In the hundreds of articles about building successful startups, service companies get a little short changed due to a lack of glamour and high stakes. Here is some advice on how to focus on the fundamentals to ensure a steady growth of your service business. Especially, in its formative years, given that you have identified a service need successfully.
Start with a long term vision and work backwards
This sounds a bit fuzzy wuzzy, but it important you do it on an annual basis. Lot of decisions on the target market, type of client, domain of projects, and ticket size will start becoming clearer. This will also help rest of the team understand where the company is heading, and what could be their career path in the next few years.

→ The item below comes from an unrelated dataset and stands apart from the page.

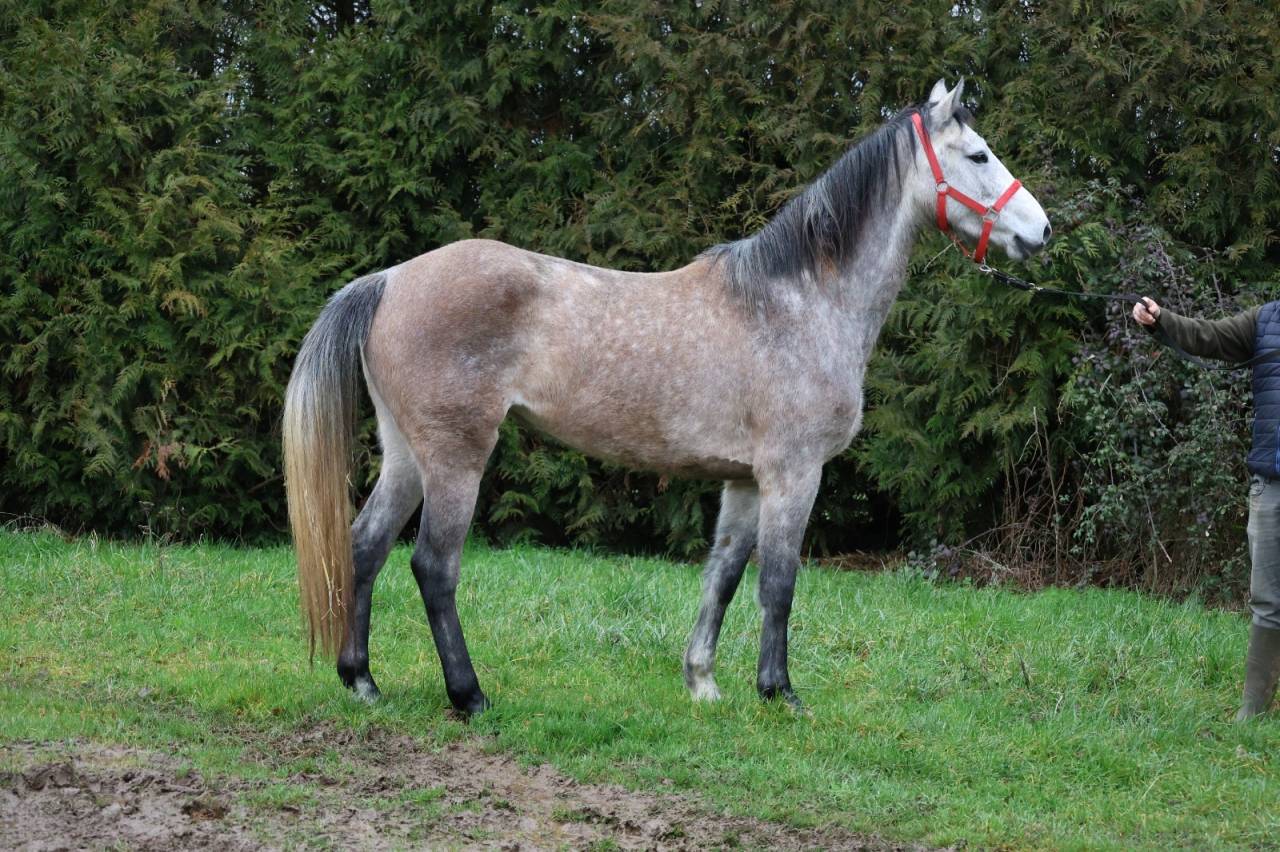 Mare Zangersheide For sale 2022 Grey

We kind of did anything and everything for just the bottom line. As a result, we never actually carved out a niche, and team largely felt stagnated due to repetitious nature of work. Then we put a vision of “Impacting a billion users in next 9 years.” This vision is helping us focus more on real world solutions in health care, wellness, consumer, social and commerce. While moving away from enterprise projects. The rest of the team is also excited about this direction.
Founders should pay themselves market salary from Day 1
Most founders compromise on their market worth. Which means you won’t be able to arrive at a true profitability of the company. Second, it will be very difficult to replace a founder, if something untoward was to happen. Understandably, you won’t be able to pay yourself market salary at the onset. But account for it in your balance sheet as deferred payments to keep your financial forecasting accurate. The equity in a service startup won’t be a enough to attract new talent until much later.
This was again a late realization for us. You never know if one of us finds an interesting opportunity and wants to exit. We are now building a financial transition plan in place. And the first step is to identify our market worth and get paid accordingly.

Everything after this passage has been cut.